Leaves are changing colors and candy corn is on store shelves, which means it’s the season for paying people to scare us on purpose.
But this brings up an interesting question: Why are we scared in certain situations when we know heading into said situation that we’ll be fine? This isn’t limited to just haunted houses: consider roller coasters or horror flicks or even (virtual) haunted houses. We know we’re not going to fall out of the roller coaster seat, that the movie is not real and portraying a scene with actors, that the masked man that jumps out in a dark, cobwebbed hallway isn’t going to hurt us.
So why do we get scared, and why do we still pay to be afraid when we know there’s no real threat?

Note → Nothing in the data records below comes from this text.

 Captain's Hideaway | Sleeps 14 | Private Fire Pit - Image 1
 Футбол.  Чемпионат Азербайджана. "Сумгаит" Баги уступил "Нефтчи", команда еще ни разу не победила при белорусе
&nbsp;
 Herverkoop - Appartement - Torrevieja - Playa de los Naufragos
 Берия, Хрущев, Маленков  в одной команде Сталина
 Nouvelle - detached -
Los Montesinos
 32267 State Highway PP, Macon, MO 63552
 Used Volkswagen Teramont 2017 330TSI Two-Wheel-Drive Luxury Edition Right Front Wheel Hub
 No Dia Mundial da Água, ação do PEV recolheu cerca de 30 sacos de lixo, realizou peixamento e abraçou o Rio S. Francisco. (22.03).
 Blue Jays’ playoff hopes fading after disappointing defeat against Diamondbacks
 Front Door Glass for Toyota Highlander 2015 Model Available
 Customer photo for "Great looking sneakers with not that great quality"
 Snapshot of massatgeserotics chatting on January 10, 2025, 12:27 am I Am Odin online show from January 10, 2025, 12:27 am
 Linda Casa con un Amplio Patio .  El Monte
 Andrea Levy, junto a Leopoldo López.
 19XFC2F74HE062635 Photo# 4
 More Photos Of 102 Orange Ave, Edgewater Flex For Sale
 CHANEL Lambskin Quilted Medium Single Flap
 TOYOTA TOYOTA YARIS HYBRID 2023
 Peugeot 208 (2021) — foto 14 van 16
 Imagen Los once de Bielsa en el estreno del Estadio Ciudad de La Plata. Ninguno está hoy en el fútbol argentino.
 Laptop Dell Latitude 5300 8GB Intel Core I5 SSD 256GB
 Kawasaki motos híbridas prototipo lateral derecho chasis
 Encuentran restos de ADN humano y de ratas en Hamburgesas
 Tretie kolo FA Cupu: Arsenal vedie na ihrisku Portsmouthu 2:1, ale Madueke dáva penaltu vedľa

It’s got a lot to do with how your body goes into overdrive when you confront a stressful (or in this case, downright frightening) situation. When a bloody zombie swinging an ax swerves into you in a haunted house, cortisol — your body’s anti-stress hormonal defense — and a team of neurotransmitters — norepinephrine, dopamine and epinephrine (aka adrenaline, the infamous “flight or fight” response) — are released. Your heart rate and your breathing skyrocket; your blood vessels dilate, shooting more oxygen to your brain. Neuropeptide S, a protein in your brain, helps you feel more alert. Sugars and fats come out of storage for an energy boost. In the brain, the amygdala’s first and dominant emotional response is fear. Your brain puts all its resources into dealing with the problem at hand, so rational thought gets suspended.
This all means that even though you logically know you’re safe, your brain pushes that logic to a corner of your rational, thinking self and sort of tricks you into thinking you’re part of a live horror show. In fact, knowing you’re about to walk into a dark house with a maze of rooms full of terrifying characters can actually prime you for a stronger fear response.